Setup & Initialization & Deploy

App engine regions cannot be changed once set

Standard practice is to enable/disable API Libraries from the GCP Console

Cloud shell provisions 5gb of persistent free storage mounted at \$HOME ~ for the purpose of saving things such as your .bashrc config

Deployment Manager allows you to specify all the resources needed for your application in a declarative format using yaml. Allow reuse of common deployment paradigms such as a load balanced, auto-scaled instance group.

Deployment Manager - use startup-script metadata key to launch application quickly without complexity

gcloud config configurations create [NAME] -> creates named config gcloud config configurations activate [NAME] -> activate named config gcloud config configurations list -> lists named configs

Kubernetes

Use gcloud to create/manage/resize a kubernetes cluster. Once the cluster is created you can use kubectl to manage the object deployments.

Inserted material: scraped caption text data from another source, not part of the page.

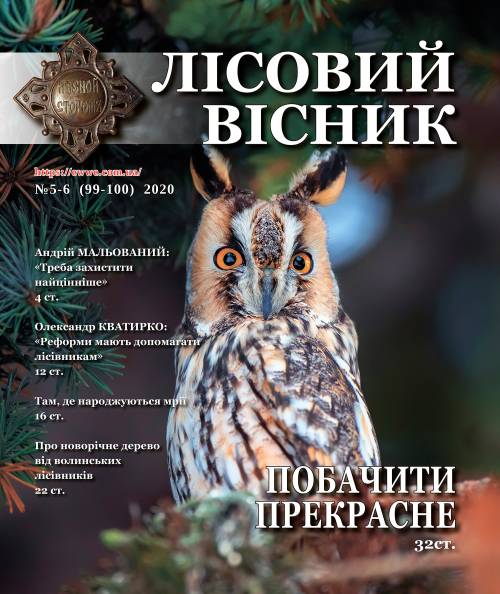 Лісовий вісник №5-6 (99-100) 2020 (№ 5-6 (99-100))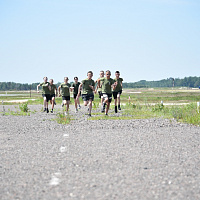 Финалисты патриотической игры «Зарница» преодолели полосу препятствий 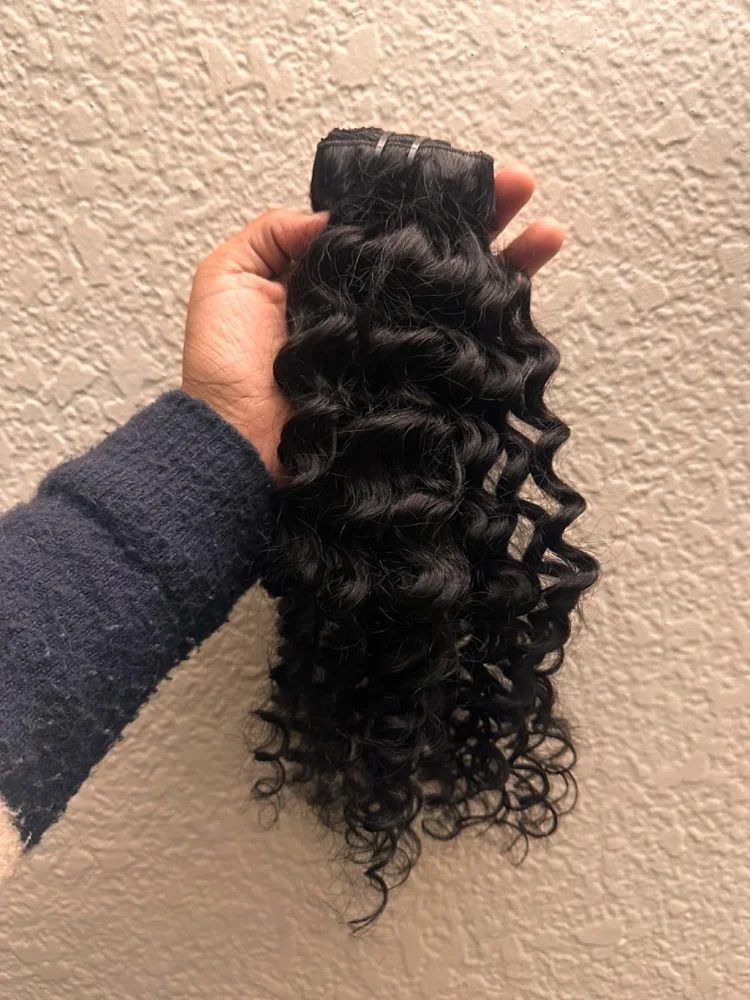 100 грамм человеческих волос с глубокими волнами, заколки для наращивания человеческих волос темно-черного цвета, натуральные заколки для волос для длинных волос, 8 шт.
100 грамм человеческих волос с глубокими волнами, заколки для наращивания человеческих волос темно-черного цвета, натуральные заколки для волос для длинных волос, 8 шт.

You can use kubectl set to make changes to an object’s image, resources (compute resource such as CPU and memory), or selector fields. Set will perform a rolling update with minimal downtime.

kubectl get deployments -> list kubernetes deployments … deployments represent multiple identical Pods with no unique identities, replicas.

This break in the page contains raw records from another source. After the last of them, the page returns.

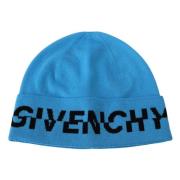 Givenchy Lyxig Ullmössa med Logodetalj Blue, Unisex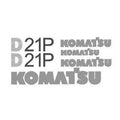 Decal Set Without Stripe for Komatsu Dozer D21P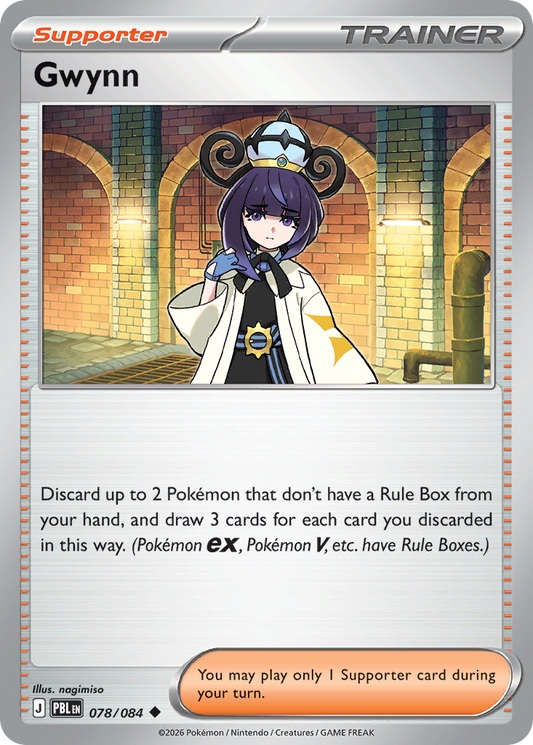Gwynn 078/084 from Pokemon TCG Pitch Black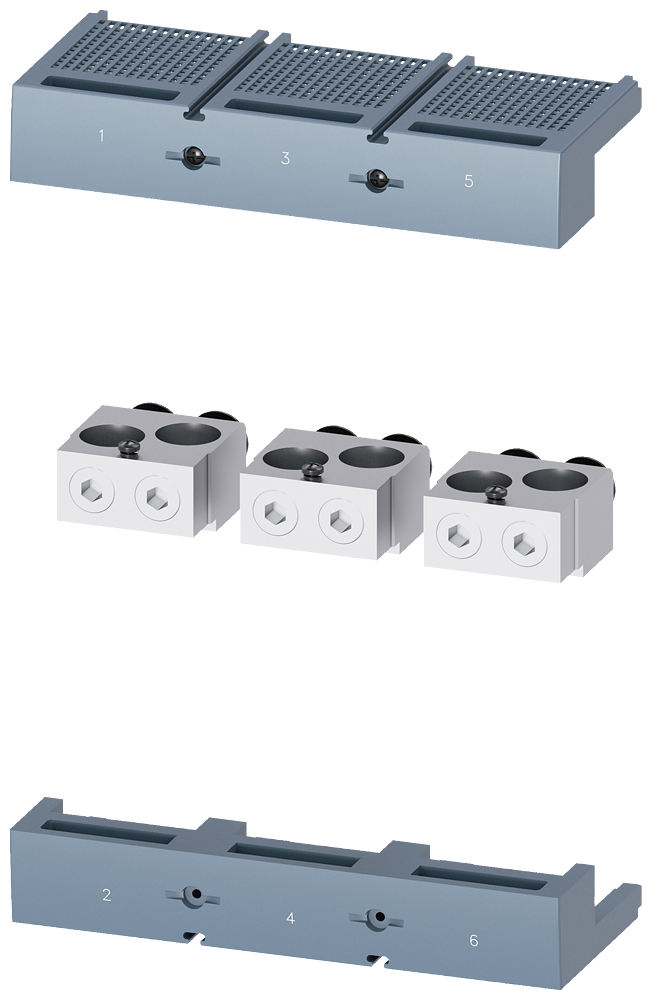 KLEMMER Cu/Al,3ST.3VA25/15. 2X120-300mm2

You can use kubectl apply to apply a new configuration file to an existing controller object. kubectl apply is useful for making multiple changes to a resource, through configuration files.

Autoscaling is configured at the engine level, not instance group!

Use service of type ClusterIP to communicate between deployments

File Transferring

Multi-threaded/processed: Useful when transferring large number of files.

Parallel composite uploads: Splits large files, transfers chunks in parallel, and composes at destination.

Security & Auth

Firewalls/Resources in GCP can utilize ‘network-tags’ to allow more granular controls

Kubernetes Secrets are secure objects which store sensitive data, such as passwords, OAuth tokens, and SSH keys, in your Kubernetes clusters. Storing sensitive data in Secrets is more secure than plaintext ConfigMaps or in Pod specifications.

gcloud iam roles copy — copy IAM roles onto another project

Computing

Ordered by level of abstraction:

  1. Cloud Functions (Serverless, Event Driven)
  2. App Engine (Partially managed by Google)
  3. Compute Engine (Raw instances of VMs, self managed, cheaper)
  4. Your home server or physical server rack (Bare metal, completely self managed)

gcloud compute ssh -> easiest and quickest way to use ssh with a compute engine instance

App Engine

App Engine Standard: Scales very rapidly from zero to load, more strict environment rules, can potentially have very low costs

App Engine Flexible: SSH capability, for more ‘stable’ applications, gradual scaling up and down, run with Docker containers

App Engine can split/route 100% traffic to previous versions easily in GCP Console if necessary

Deploy App Engine: gcloud app deploy app.yaml

Storage

  • Multi-regional: Frequently accessed around the world
  • Regional: Frequently accessed data in same region as your DataProc/Compute Engine (analytics)
  • Nearline Storage: Data store for monthly access
  • Coldline Storage: Data store for yearly access / disaster recovery / archive

Use cases: Mobile Sdks? Cloud Storage Firebase Non-Structured Data? Cloud Storage(Buckets, Global, Instant) Structured Relational? Cloud SQL(Small Data) -> Cloud Spanner Horizontal Structured Non-Relational? Cloud Firestore Analytics? BigQuery(SQL) -> BigTable (Updates/Fast/Large/NoSQL) Redis? Cloud Memorystore

Failover/Read storage replicas must be in the same region!